Jonathan Schoop is already a rare player in that he was a signed international amateur that made it all the way through the from the lowest levels of the Orioles’ farm system to becoming a major league starter.
Now the question is can he stay as a starter, and how will he do with even more seasoning and experience?
Some fans were very understanding of the ups and downs Schoop had last year when he struggled at times playing at 22.
Over 137 games and 455 at-bats, the native of Curacao hit .209 with 16 homers and 45 RBIs. He had an OBP of .244, a .354 slugging percentage and .598 OPS.
During his minor league career Schoop had a slash line of .268/.335/.407 with a .742 OPS.
Some scouts told me he projected as an offensive second baseman that could bat .280 with 10 to 15 homers. He already exceeded that homers total projection and now he needs to work on the average and plate discipline skills.
Last winter, Schoop was ranked as the No. 82 prospect in the sport by Baseball Prospectus and No. 86 by ESPN.
In his last two seasons in the minors, he put up decent but far from great stats at Double-A and Triple-A. But it’s easy to forget that Schoop was among the youngest players in the Eastern League at 20 in 2012 with Double-A Bowie and was just 21 in 2013 when he was with Triple-A Norfolk.
A stress fracture in his lower back in May kind of derailed Schoop’s 2013 season just as his bat was beginning to take off with the Norfolk Tides. In his first 11 games that May, he was batting .348 with two homers, eight RBIs, a .500 slugging percentage and an .862 OPS. I believe he was on his way to a big year with the Tides before the injury, which caused him to miss two months.
He went on to hit .256 with nine homers, 34 RBIs and a .697 OPS in 70 games with Norfolk. All along O’s brass has insisted they were fine with Schoop’s modest stats in the high minors and that he was progressing very well for a kid so young.
He was a plus defender at second base for the Orioles last season and manager Buck Showalter consistently praised his defense. We all saw Schoop’s ups and downs on offense, his sometimes wild swings and that he never had an extended hot streak.
But he came into spring of 2014 a bigger and stronger player and won the second base job which he held all year.
The Orioles went 14-1 in games in which he homered and the list of pitchers he connected against included Kyle Lohse, Francisco Rodriguez, Mark Buehrle, Jeff Samardzija, R.A. Dickey, Dellin Betances and Masahiro Tanaka twice.
What can we make of this? Is it a good sign for the kid that he homered off of some top pitchers?
The Orioles were patient with Schoop on offense while realizing he could be at times a difference maker on defense. He also hit 16 homers, ranking fifth on a team that led the majors in that stat.
How much offensive improvement can Schoop make, and how much patience should the club show with him in 2015?
Will the valuable experience he gained last year and the struggles he endured help him moving forward?
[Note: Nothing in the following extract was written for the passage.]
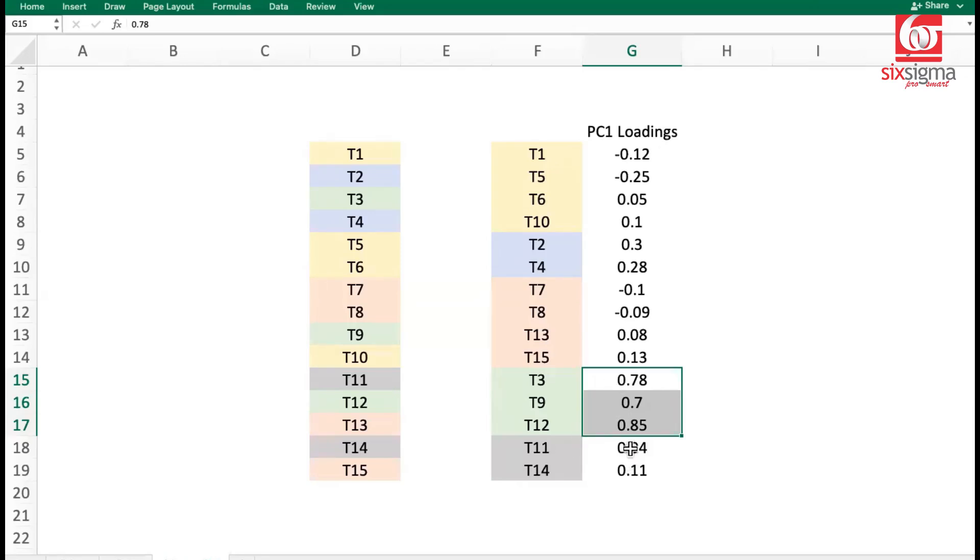Some have more, some have less. Similarly, you look at PC2 and find out what are its characteristics. The term eigen means characteristics. So these are called eigenvectors. They represent the characteristics of a principal component.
Former O’s groundskeeper honored: Late Orioles groundskeeper Pat Santarone today was named one of the newest members of the Major League Baseball Groundskeepers Hall of Fame.
Santarone joined the O’s as head groundskeeper in 1969, spending 22 seasons tending the grounds at Memorial Stadium before retiring on opening day in 1991. During his tenure, Baltimore infielders won a total of 25 Gold Gloves, while the Orioles captured five American League pennants and won two World Series titles (1970, 1983).
Santarone began his career at 23 with Single-A Elmira, taking over the field from his father, Val. During the 1960s with Elmira as the Orioles’ Double-A affiliate, Santarone worked with future Orioles manager and Hall of Famer Earl Weaver. The two reunited in Baltimore, where they shared a fondly remembered annual tomato growing competition. Santarone spent retirement in Montana and passed away in May 2008.
Santarone and Pete Flynn of the New York Mets will be inducted the evening of Jan. 11 at Coors Field in Denver, joining previous inductees Emil Bossard (Indians), George Toma (Royals), Joe Mooney (Red Sox), Dick Ericson (Twins), and Harry Gil (Brewers) in the MLB Groundskeepers Hall of Fame.
To be considered for induction to the Major League Baseball Groundskeepers Hall of Fame, a person must have ceased employment in the profession for at least five years and have made a significant contribution to groundskeeping and/or the sports turf industry at the Major League level. An individual’s impact on the community is also considered. Nominees are submitted to the MLB Groundskeepers Association for a vote. Each team has one vote and a nominee must receive 75 percent of the vote of all active association members to be elected.